> _Assignment_:
A faithful copy of the entries is required, with no images in it.

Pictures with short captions

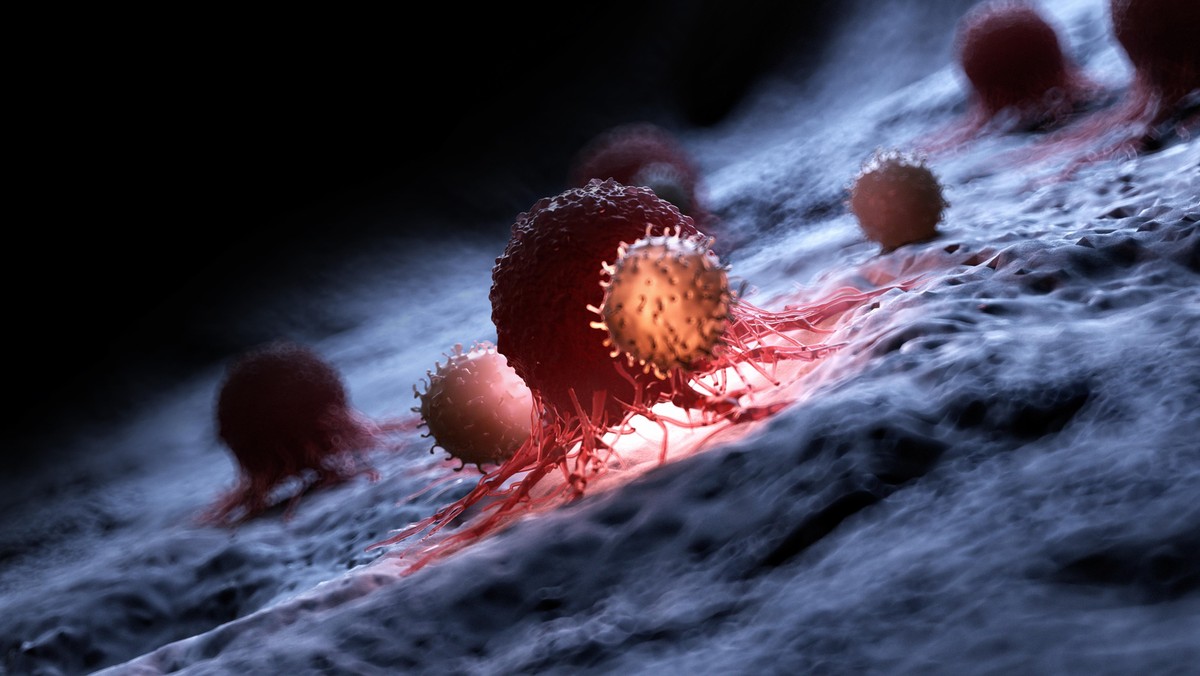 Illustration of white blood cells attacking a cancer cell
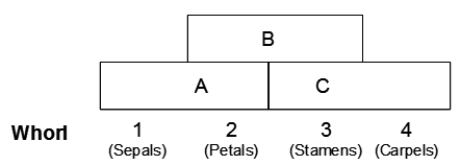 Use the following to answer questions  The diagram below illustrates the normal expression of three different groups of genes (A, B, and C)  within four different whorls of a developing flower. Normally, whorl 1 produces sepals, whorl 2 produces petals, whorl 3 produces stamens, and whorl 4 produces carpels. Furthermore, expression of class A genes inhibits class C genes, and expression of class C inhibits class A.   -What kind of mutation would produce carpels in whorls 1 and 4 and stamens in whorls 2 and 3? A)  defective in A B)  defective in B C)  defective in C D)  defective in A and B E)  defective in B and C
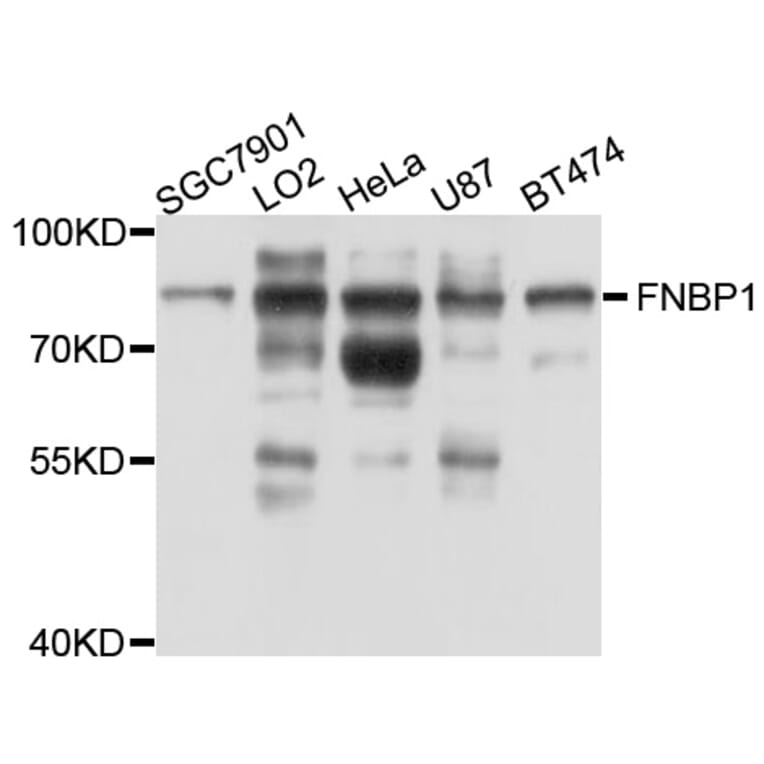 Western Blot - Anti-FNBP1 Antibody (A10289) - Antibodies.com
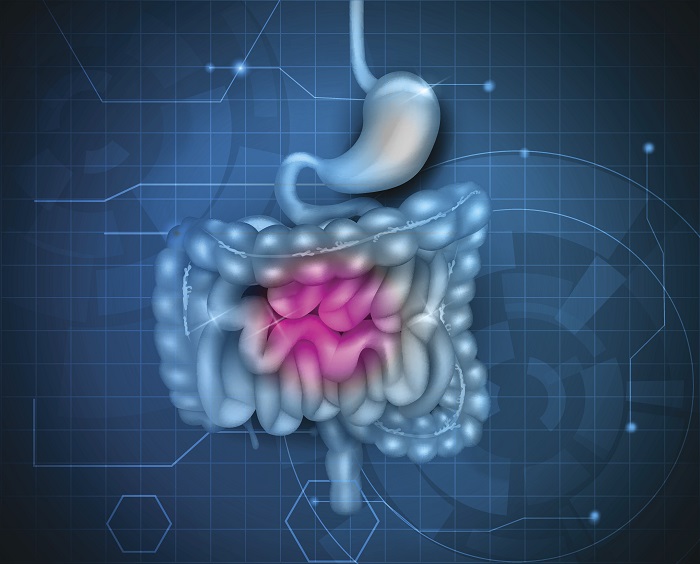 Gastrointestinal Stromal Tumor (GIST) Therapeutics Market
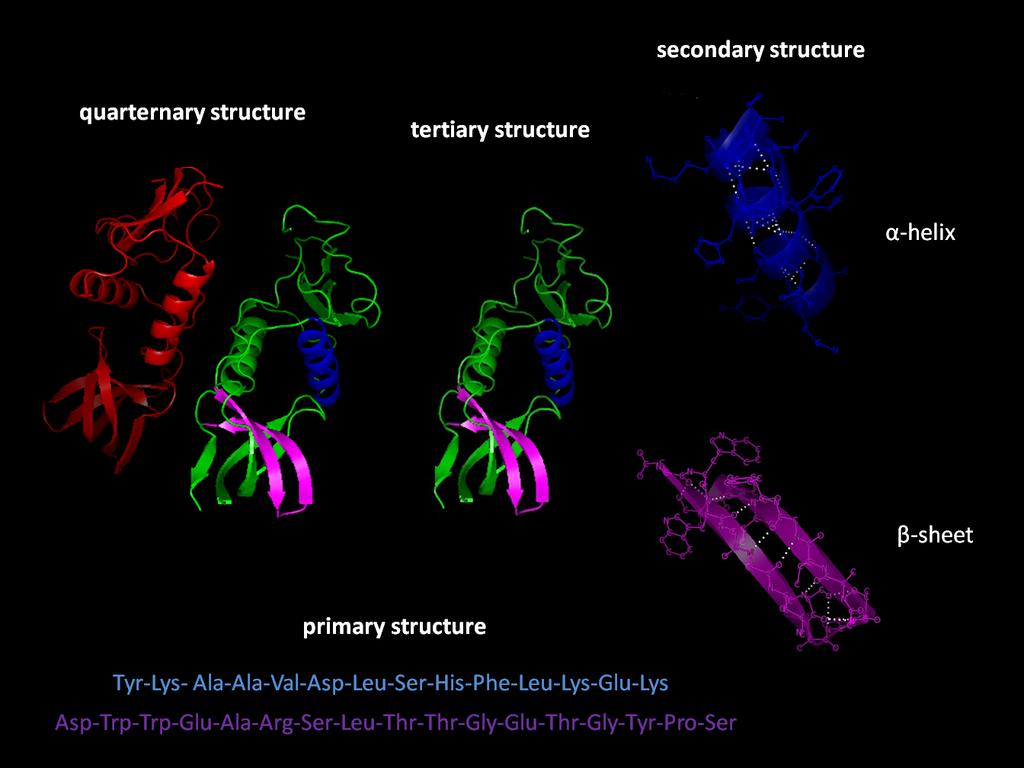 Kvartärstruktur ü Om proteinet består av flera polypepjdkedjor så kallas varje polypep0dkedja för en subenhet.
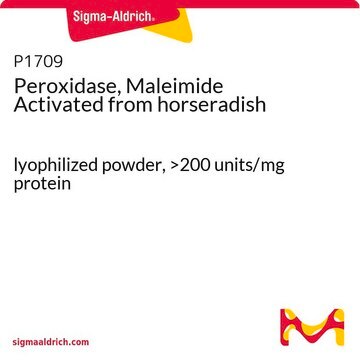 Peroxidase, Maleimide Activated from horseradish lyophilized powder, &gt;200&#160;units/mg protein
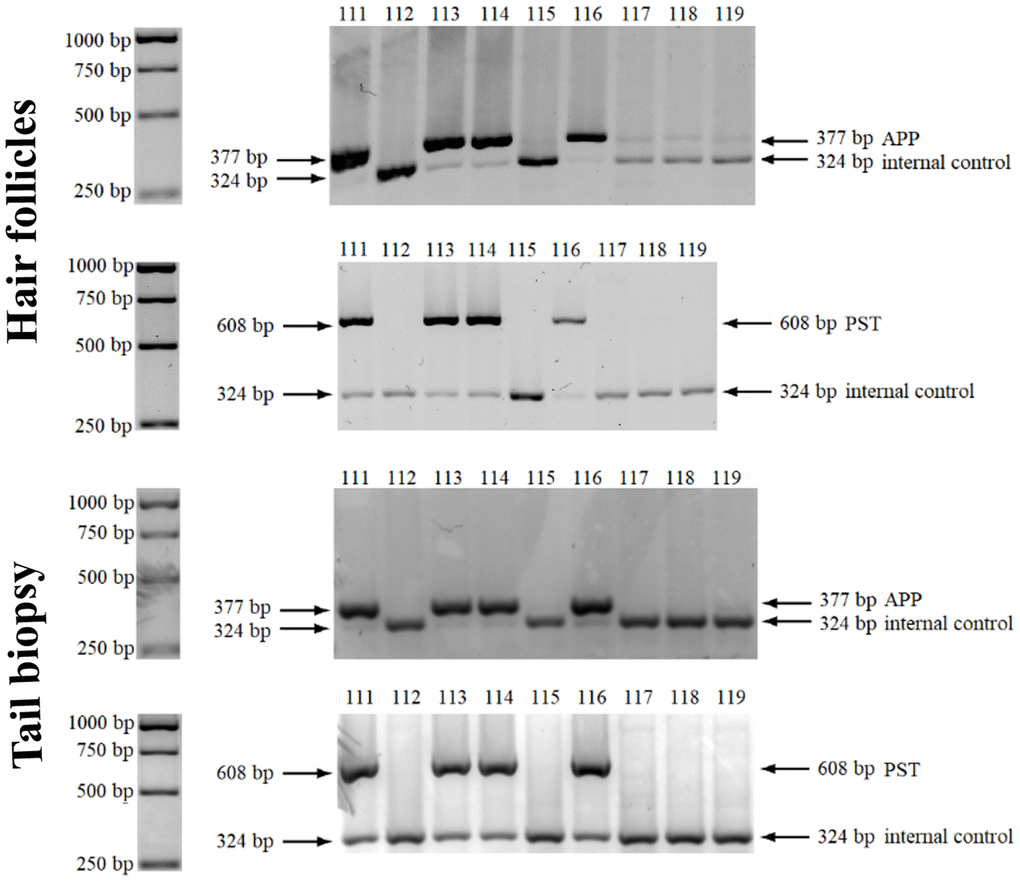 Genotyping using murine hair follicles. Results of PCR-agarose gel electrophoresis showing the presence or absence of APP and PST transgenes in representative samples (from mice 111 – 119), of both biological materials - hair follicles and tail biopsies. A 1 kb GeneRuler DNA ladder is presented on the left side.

> _Solution to this exercise_:
 Illustration of white blood cells attacking a cancer cell
 Use the following to answer questions  The diagram below illustrates the normal expression of three different groups of genes (A, B, and C)  within four different whorls of a developing flower. Normally, whorl 1 produces sepals, whorl 2 produces petals, whorl 3 produces stamens, and whorl 4 produces carpels. Furthermore, expression of class A genes inhibits class C genes, and expression of class C inhibits class A.   -What kind of mutation would produce carpels in whorls 1 and 4 and stamens in whorls 2 and 3? A)  defective in A B)  defective in B C)  defective in C D)  defective in A and B E)  defective in B and C
 Western Blot - Anti-FNBP1 Antibody (A10289) - Antibodies.com
 Gastrointestinal Stromal Tumor (GIST) Therapeutics Market
 Kvartärstruktur ü Om proteinet består av flera polypepjdkedjor så kallas varje polypep0dkedja för en subenhet.
 Peroxidase, Maleimide Activated from horseradish lyophilized powder, &gt;200&#160;units/mg protein
 Genotyping using murine hair follicles. Results of PCR-agarose gel electrophoresis showing the presence or absence of APP and PST transgenes in representative samples (from mice 111 – 119), of both biological materials - hair follicles and tail biopsies. A 1 kb GeneRuler DNA ladder is presented on the left side.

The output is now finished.